Case ID: fla-supp_11/html/0162-01.html
Source: Caselaw Access Project
Author: {"author": "VINCENT C. GIBLIN, Circuit Judge.", "license": "Public Domain", "url": "https://static.case.law/"}
Date Created: 2024-08-24T03:29:51.129683

HOFFMAN v. LAWRENCE WAREHOUSE CO.
    Circuit Court, Dade County.
    November 29, 1957.
    Joseph I. Davis, Miami for plaintiff.
    Sturrup & Gautier, Miami, for defendant.
   VINCENT C. GIBLIN, Circuit Judge.

The court has heard and considered the defendant’s motion for leave to file a cross-claim against Hollywood Builders Supply, Inc. and to bring such corporation into the action as an additional party.

The motion is predicated on an erroneous construction of rules 1.13(7) and 1.13(8) of the Florida Rules of Civil Procedure, which were copied from, and should be given the same construction as, rules 13 (g) and 13 (h) of the Federal Rules of Civil Procedure.

A cross-claim may be asserted properly only against a co-party under our state rule 1.13(7) or under federal rule 13(g) ; and, when (and only when) a cross-claim is so properly asserted, may one not a party to the original action be brought in, under state rule 1.13(8) or federal rule 13(h), if his presence is required for the granting of complete relief in the determination of the cross-claim.
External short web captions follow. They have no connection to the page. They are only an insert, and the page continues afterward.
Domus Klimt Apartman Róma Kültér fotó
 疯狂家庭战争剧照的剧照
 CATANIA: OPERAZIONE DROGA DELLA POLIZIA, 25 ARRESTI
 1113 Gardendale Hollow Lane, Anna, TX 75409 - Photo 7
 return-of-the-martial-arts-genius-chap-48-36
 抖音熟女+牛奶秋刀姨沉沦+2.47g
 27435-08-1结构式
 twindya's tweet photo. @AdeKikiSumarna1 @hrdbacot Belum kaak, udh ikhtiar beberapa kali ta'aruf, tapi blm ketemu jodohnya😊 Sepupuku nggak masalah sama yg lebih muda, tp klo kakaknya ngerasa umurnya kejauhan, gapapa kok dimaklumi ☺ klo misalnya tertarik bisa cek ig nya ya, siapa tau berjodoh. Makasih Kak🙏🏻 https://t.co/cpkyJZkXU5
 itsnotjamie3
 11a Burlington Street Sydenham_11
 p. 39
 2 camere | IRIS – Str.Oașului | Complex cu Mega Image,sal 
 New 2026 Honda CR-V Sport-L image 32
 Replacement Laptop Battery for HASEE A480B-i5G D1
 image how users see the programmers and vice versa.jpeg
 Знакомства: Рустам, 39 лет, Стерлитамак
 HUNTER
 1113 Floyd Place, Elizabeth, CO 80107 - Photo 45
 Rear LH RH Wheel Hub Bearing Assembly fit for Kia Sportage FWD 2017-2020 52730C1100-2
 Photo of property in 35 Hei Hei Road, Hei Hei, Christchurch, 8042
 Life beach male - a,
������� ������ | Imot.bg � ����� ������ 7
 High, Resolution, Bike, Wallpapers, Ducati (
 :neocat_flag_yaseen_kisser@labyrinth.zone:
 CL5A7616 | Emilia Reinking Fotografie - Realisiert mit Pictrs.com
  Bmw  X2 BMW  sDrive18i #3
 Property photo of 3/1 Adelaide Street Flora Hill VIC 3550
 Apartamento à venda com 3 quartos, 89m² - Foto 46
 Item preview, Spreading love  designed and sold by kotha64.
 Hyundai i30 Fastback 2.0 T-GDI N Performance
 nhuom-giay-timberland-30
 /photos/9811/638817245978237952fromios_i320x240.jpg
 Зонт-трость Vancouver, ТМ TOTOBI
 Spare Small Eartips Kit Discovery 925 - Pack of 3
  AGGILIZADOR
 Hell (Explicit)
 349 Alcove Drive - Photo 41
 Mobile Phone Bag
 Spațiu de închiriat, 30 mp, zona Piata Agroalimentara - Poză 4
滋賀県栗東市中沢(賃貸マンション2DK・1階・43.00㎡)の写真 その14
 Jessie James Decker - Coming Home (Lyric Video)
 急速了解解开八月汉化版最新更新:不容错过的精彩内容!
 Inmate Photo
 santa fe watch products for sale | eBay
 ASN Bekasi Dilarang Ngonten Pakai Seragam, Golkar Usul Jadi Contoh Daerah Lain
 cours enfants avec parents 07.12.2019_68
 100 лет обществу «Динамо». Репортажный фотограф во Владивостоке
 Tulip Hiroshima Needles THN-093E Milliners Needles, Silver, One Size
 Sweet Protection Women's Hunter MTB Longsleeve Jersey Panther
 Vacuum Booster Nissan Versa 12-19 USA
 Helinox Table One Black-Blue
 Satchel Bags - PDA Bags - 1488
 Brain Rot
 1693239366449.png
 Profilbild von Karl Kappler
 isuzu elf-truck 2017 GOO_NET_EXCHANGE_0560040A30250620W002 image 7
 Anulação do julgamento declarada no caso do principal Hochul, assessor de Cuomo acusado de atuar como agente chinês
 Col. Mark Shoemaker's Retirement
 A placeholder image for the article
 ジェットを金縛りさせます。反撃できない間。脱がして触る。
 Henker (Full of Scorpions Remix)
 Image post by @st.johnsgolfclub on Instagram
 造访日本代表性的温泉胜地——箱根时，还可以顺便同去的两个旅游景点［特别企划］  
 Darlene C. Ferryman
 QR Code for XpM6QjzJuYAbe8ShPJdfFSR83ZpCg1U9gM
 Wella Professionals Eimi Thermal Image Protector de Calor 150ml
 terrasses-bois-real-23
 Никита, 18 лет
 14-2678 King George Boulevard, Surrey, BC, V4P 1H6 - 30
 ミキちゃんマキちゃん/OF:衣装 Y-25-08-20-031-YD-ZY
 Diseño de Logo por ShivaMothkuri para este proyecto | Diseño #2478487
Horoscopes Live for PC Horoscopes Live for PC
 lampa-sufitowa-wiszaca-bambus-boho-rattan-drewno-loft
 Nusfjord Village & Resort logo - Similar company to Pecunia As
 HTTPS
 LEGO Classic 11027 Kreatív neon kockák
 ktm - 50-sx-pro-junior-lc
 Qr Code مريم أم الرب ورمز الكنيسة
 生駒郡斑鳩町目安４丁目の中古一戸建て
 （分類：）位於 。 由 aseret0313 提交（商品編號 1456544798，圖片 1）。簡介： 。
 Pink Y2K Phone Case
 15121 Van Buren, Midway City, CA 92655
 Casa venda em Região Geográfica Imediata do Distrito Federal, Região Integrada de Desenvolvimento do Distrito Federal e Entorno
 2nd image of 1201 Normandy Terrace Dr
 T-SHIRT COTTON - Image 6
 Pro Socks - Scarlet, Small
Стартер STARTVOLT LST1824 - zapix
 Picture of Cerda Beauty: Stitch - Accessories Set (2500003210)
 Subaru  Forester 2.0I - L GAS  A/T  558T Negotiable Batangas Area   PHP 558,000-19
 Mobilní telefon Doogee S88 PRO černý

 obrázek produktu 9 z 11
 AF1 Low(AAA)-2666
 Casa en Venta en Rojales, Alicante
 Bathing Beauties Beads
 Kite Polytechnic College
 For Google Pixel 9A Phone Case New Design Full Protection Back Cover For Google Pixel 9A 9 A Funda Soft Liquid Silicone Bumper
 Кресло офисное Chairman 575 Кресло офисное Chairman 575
Neither our state rules, 1.13(7) and 1.13(8), nor the federal rules, 13(g) and 13(h), should be confused, however, with impleader (third-party practice). Impleader, or third-party practice, is provided for by rule 14 of the Federal Rules of Civil Procedure, but the draftsmen of our state civil procedural code (although much of the federal system was adopted) purposefully omitted from our state rules the provisions of federal rule 14. See Moore’s Federal Practice (Second Edition), page 101 (and cases cited) and 1956 Cumulative Supplement, page 28 (and case cited).

Personally, I think we should have in our state procedural rules provisions, such as are found in the federal rules, for impleader or third-party practice, but since we do not have, the order the entry of which the defendant seeks cannot be properly entered; and, therefore, the mentioned motion is denied.